* Input data *

━━━━━━━━━━━━━━━━━━━━

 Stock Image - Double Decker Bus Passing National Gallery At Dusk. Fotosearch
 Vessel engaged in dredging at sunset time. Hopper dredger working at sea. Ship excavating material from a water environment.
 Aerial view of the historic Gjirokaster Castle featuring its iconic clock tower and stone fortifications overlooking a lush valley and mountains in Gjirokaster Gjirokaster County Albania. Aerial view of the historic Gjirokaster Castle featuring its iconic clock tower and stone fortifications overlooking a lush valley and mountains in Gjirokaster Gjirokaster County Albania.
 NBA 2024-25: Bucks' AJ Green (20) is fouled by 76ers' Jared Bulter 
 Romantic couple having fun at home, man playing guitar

━━━━━━━━━━━━━━━━━━━━

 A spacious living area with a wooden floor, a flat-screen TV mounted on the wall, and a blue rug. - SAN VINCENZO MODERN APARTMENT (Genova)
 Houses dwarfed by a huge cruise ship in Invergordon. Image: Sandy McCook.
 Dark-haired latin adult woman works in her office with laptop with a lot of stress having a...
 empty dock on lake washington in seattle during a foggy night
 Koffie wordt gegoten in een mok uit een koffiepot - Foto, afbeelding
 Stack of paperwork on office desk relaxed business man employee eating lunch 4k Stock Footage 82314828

━━━━━━━━━━━━━━━━━━━━

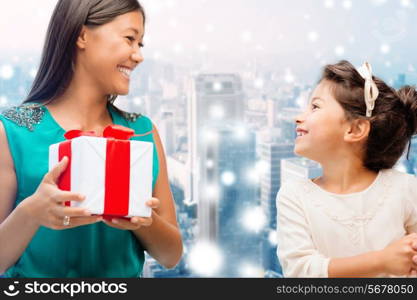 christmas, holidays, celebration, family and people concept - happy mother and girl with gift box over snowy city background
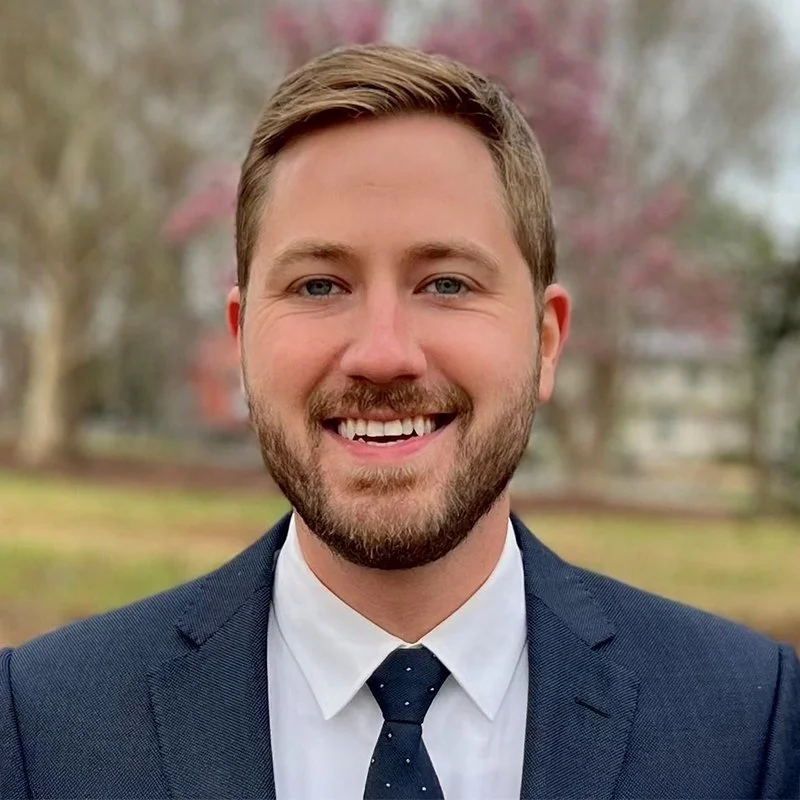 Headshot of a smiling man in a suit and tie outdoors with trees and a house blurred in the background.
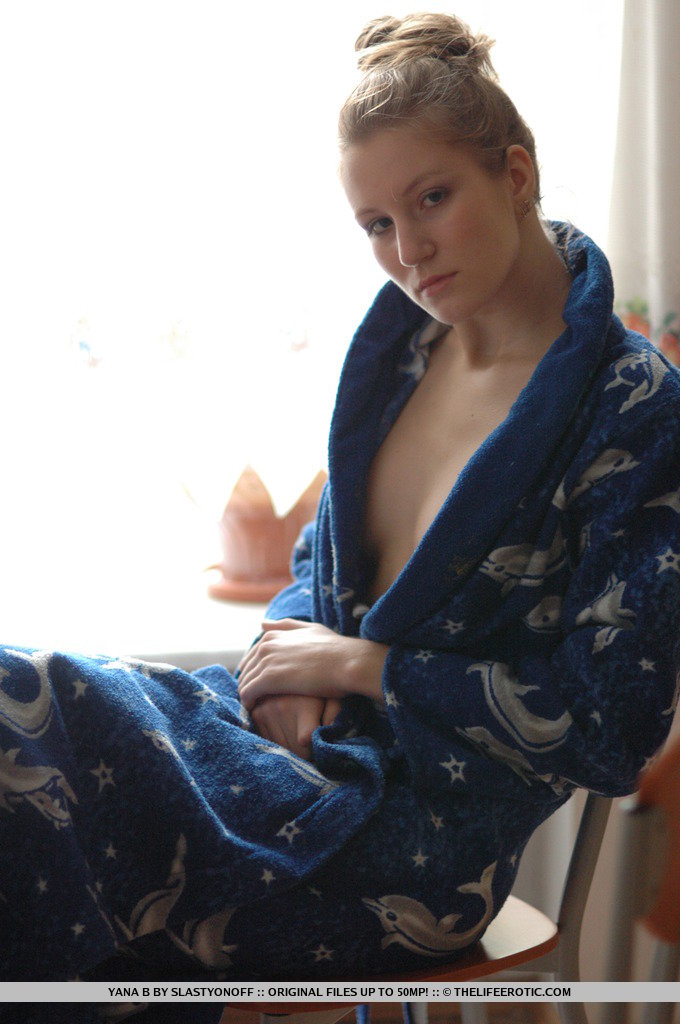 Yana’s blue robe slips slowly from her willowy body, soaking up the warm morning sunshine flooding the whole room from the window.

━━━━━━━━━━━━━━━━━━━━

* Work to be completed *
From the records above, pull out every line containing the word "Image".

* Output for this exercise *
 Stock Image - Double Decker Bus Passing National Gallery At Dusk. Fotosearch
 Houses dwarfed by a huge cruise ship in Invergordon. Image: Sandy McCook.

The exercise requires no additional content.